Dude, you have gone single at the best time!  Early to mid 40s is the best time.  Shave your head, workout a little bit and get into some manly hobby like motorcycles or guns.  Be Alpha!  Just let your testosterone loose and be a man.  Walk with a swagger.  Right now, at this age, you are a prize!  Think back over your life and count up how many of your friends and acquaintances have passed away.  How many were male?  Mostly all of them right?

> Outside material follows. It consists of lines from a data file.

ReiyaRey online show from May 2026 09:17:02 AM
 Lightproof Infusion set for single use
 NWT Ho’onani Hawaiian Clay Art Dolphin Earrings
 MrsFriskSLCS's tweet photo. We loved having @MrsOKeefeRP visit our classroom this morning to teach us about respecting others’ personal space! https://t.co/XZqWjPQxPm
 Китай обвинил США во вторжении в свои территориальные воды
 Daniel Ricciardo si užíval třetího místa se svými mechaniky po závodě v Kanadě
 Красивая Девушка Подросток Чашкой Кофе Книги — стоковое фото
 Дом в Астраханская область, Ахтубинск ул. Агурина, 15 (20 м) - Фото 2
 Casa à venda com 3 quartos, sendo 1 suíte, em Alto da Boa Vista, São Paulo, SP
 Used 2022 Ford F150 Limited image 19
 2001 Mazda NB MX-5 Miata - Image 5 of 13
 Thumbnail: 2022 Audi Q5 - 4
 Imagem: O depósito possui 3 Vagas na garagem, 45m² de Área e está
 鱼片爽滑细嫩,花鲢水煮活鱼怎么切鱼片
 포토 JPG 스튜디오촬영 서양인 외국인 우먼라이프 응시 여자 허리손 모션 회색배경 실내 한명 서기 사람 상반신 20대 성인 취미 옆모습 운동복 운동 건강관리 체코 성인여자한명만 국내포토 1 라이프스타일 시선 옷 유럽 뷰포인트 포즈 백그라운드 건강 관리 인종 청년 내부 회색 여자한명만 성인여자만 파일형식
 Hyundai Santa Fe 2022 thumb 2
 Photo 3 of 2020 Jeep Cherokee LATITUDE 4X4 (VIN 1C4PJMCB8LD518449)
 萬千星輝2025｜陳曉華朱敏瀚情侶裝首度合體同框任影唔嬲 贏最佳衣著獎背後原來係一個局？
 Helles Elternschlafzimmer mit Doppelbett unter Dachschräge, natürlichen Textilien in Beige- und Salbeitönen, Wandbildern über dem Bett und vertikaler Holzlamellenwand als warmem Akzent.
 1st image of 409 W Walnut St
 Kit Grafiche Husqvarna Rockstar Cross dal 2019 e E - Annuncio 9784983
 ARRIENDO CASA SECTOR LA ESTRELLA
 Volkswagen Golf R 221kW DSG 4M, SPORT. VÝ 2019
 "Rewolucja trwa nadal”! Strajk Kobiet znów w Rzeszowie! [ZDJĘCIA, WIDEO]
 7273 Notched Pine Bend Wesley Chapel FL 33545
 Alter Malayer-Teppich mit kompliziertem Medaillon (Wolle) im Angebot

Think about it.  Men drop dead like flies.  The stress of providing and being male brings on heart disease, high blood pressure.  Our work places expose us to cancer causing agents.  Hell, our jobs (cops, oil field roughnecks, truck drivers, construction, soldiers, armored truck drivers, lumberjacks) kill us.  When is the last time you heard of a woman dying at work?

Women will fight over you once they know you are out there.  By the time we are in our 40s, there really are not that many of us left.  You take out all the ones that have died, the ones that have given in to the fact that they are gay, the ones in the priesthood and how many are left out there?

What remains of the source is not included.